(ASSIGNMENT):
Read the records and gather each line that includes "with".

*** RECORDS Section Begins ***

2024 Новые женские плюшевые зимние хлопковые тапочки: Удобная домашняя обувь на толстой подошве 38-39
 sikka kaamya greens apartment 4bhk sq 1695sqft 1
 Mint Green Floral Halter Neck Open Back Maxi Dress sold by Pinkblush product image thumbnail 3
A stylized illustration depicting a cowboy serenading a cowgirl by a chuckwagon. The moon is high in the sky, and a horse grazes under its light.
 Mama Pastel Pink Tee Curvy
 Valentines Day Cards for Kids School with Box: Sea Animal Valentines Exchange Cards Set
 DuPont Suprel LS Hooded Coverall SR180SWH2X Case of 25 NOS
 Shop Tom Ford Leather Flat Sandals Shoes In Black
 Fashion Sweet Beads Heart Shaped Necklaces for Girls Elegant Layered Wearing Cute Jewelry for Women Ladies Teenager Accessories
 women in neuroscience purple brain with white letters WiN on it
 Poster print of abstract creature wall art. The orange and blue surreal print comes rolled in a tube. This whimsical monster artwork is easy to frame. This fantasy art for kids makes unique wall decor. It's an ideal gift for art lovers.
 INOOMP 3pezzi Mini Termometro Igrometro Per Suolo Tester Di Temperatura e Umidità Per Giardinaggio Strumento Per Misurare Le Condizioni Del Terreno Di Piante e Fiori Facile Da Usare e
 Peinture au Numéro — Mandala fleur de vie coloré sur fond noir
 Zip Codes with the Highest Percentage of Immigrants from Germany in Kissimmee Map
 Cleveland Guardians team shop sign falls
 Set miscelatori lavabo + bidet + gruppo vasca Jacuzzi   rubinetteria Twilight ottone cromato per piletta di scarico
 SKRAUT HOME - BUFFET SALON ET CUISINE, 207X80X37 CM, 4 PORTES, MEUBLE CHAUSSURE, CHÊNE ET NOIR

*** RECORDS Section Ends ***

(EXERCISE RESPONSE):
 Valentines Day Cards for Kids School with Box: Sea Animal Valentines Exchange Cards Set
 women in neuroscience purple brain with white letters WiN on it
 Zip Codes with the Highest Percentage of Immigrants from Germany in Kissimmee Map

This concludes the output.